I know you were looking for places that offer scholarships, and though we
don't yet, our tuition is not that much compared to other film schools:
$40k for 16 months.
Some people on the boards were talking about degrees versus diplomas; we
offer a certificate, but you'd be making connections with people in the
film industry, and that is actually what counts the most.
I would again check out the website, and definitely give Patrick a call
510 549 3456
hope this helped!


----------



## Kartikey (Jan 12, 2007)

Thank you Juliana and Seybold.
This is indeed very useful information and gives me confidence. Did you mean that the deadline for Fall 2007 is January 2? Does the university have a Fall term? It's wonderful to hear from you since you are interning there. Please tell me about your experience there. 
You are right Juliana, presently I am all for short intensive film courses. It's kind of you to read my posts and remember me. Now that's communication! 
I am going to apply anywhere and everywhere to get my funding. Scholarship and a great university is a must for me.

Do tell me about the Fall term options. I can't find them on the internet. 
Awaiting your reply.

Maybe we'd meet someday. : )

Kartikey


----------



## arsenic stings (Jan 18, 2007)

If you were to attend Berkley Digital Film Institute though it's more like an industrial course right? You don't earn any degrees from the program like a conventional college do you? I'm still trying to weigh out the pros and cons of attending something like BDFI and an actual university.


----------



## Kartikey (Jan 19, 2007)

I did the same pro con thing. It depends on what you are looking out for; depends on your outlook towards cinema. From the experience I have gathered from talking with people, I'd say degree is no guarantee of job in cinema. It's your art and aesthetic sense that's important. You can get this in 9 months, 12 months, 2 years or never if you are not interested. 
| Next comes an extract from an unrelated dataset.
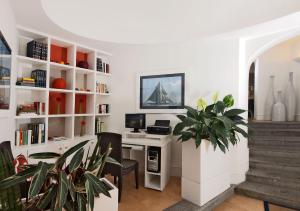 a room with a desk with a computer and a plant at Hotel Della Piccola Marina in Capri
Again from "people experience..."

1. 2/3 years slow and steady cinema course

2. 1/1.5 year/s intensive cinema course

What do you want?

: )

Regards,
Kartikey


----------



## REDking (Jan 19, 2007)

MANY jobs require a degree just to be considered, especially if you ever wanted to teach! (Many filmmakers in the bay area are teachers to pay the bills! Just like the founder of  BDFI!)

But the certificate is a great way to get down and dirty but its' a HUGE risk not to have a degree. And an expensive one! Is it true that the Berkley Digital Program is $40,000?
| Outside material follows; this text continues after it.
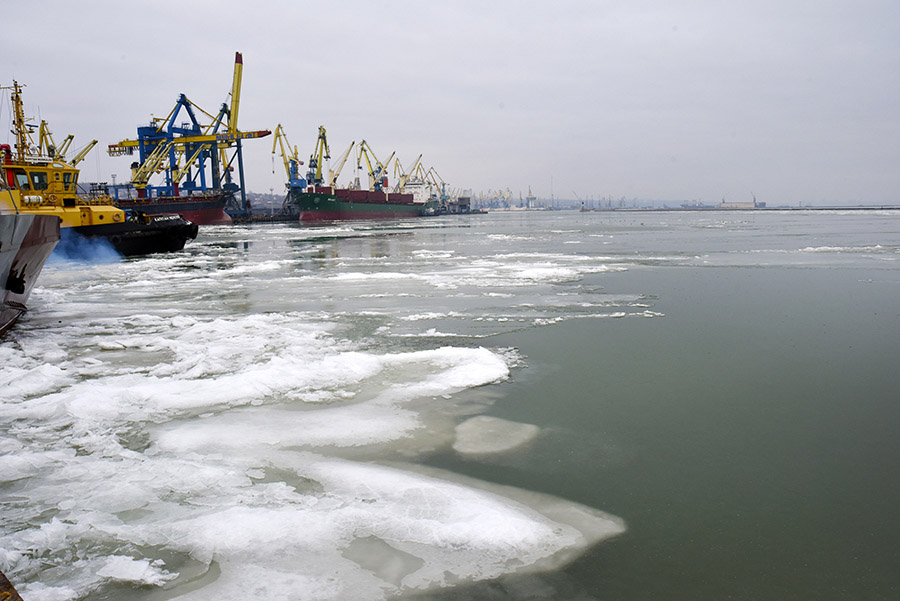 Єдиний в Україні криголам приступив до роботи в Маріупольському порту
But that aside I really like the idea of the Institute and being from the Bay Area it could fill a great need as we should have a premire film school here somewhere! Plus I loved the Chris Milk demo content on his bio, very cool! Especially seeing the treatments! 

Too bad I spend my 30k on a degree! I might have considered it!


----------



## Kartikey (Jan 20, 2007)

Yes REDking. I was looking at it only from a filmmaker point of view. The term 'Digital' in BDFI interests me a lot. It is going to be a digital future soon.
Which college are you in? And by the way, what do you think of VFS (Canada)?


----------



## REDking (Jan 22, 2007)

I'm a senior at Cogswell College in Sunnyvale California. I'm in the Digital Motion Picture Bachelors Degree program. It's a full four year program that's fully accredited and focuses on DIGITAL storytelling. It's a small private school that's been around for 150 years! Here's a link to the websitehttp://www.cogswell.edu


I love my school it's very small though but the staff gives you a loot of freedom just to make your shorts! The staff includes a great Doc filmmaker , Lexi Leban who won the audience award for her film "Girl Trouble" at the San Francisco film festival and had it picked up and aired nationally on Independent Lens. She's been a great mentor.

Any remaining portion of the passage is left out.